The Democratic hold on Virginia’s constitutional offices has thus far endured the cracks caused by revelations in recent months of racially insensitive college yearbook photographs (by Governor Ralph Northam, Attorney General Mark Herring) and sexual assault charges (against Lieutenant Governor Justin Fairfax).
While the Democratic bench isn’t particularly thin in the Old Dominion State, dusting off McAuliffe to right the ship at the top of the ticket could be seen as a smart strategy for a party which has made substantial inroads down the ballot in recent cycles – now within a whisker of taking back the House of Delegates for the first time in nearly two decades as well as the state Senate. [Democrats also control both U.S. Senate seats plus seven U.S. House seats for the first time since the Election of 1992].
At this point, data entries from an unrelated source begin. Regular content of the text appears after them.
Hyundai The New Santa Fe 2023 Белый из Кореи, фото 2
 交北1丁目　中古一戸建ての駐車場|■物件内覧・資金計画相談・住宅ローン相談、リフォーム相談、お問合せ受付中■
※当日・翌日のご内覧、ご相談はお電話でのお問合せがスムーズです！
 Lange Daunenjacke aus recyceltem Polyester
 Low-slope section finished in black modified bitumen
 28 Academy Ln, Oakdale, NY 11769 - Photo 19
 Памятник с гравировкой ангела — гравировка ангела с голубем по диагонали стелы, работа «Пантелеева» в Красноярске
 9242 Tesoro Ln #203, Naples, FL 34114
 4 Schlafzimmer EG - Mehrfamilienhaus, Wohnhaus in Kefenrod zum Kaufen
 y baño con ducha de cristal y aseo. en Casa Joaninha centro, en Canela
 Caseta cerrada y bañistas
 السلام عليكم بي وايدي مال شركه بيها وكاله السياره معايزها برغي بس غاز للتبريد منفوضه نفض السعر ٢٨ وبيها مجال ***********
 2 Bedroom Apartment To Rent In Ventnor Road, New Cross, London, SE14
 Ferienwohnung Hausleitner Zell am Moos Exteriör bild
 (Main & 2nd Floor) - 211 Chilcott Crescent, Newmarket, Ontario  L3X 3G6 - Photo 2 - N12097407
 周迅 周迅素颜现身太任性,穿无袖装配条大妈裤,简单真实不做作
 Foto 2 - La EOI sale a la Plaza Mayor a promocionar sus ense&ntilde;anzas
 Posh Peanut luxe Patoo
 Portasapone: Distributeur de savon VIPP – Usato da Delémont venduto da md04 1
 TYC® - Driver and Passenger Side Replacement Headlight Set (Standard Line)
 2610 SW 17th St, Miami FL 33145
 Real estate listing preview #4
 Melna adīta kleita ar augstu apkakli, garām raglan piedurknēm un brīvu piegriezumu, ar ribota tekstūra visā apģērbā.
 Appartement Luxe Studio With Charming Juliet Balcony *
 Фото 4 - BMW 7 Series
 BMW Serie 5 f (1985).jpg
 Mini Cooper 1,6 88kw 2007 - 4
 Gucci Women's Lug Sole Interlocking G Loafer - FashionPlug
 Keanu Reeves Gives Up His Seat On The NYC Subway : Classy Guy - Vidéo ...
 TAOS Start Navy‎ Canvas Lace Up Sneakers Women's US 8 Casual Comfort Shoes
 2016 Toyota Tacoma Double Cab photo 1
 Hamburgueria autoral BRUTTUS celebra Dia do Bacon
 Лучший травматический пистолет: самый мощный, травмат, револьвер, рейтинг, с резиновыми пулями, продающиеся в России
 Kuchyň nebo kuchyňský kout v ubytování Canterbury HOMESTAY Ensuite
Virginia, of course, is the only state in the nation which limits its governors to a single term – a constitutional provision since 1851, which is when direct elections for governor were also initiated.
Governors are permitted to run for non-consecutive terms; however, during the last 165+ years since current term limits took effect, only one has returned to the office – and no former governor has ever been renominated by his party. Democratic Lieutenant Governor Mills Godwin was elected governor in 1965 and, after sitting out one term, was nominated by the GOP in 1973 and eked out a 1.5-point victory over independent Henry Howell.
No other governor from either party has made it back to the general election ballot for the state’s highest elected office.
Over the decades, there have been three losing gubernatorial nominees who were renominated by their party in the direct election era.
In 1953, Republican state Senator Ted Dalton won his party’s gubernatorial nomination en route to a 10.6-point loss to former U.S. Representative Thomas Stanley – the best showing by a GOP nominee for governor since John Wise in 1885.
Four years later, Dalton was renominated but suffered a 26.7-point loss to former state Attorney General James Almond.
In 1965, attorney and state party leader Lin Holton came up 10.2 points shy of defeating Lieutenant Governor Mills Godwin and then became the first Republican governor in Virginia since Reconstruction with his 7.1-point win over former U.S. Ambassador Bill Battle in 1969.
Republicans also nominated former state legislator and Attorney General J. Marshall Coleman in two nonconsecutive cycles. In 1981, Coleman lost by 7.1 points to Lieutenant Governor Chuck Robb and in 1989, Coleman again was defeated by a sitting lieutenant governor – Doug Wilder narrowly winning by 0.4 points.
Attorney General Herring – perhaps the least tarnished of the state’s three constitutional officers – still intends to run for governor in 2021, though a McAuliffe candidacy might clear the field.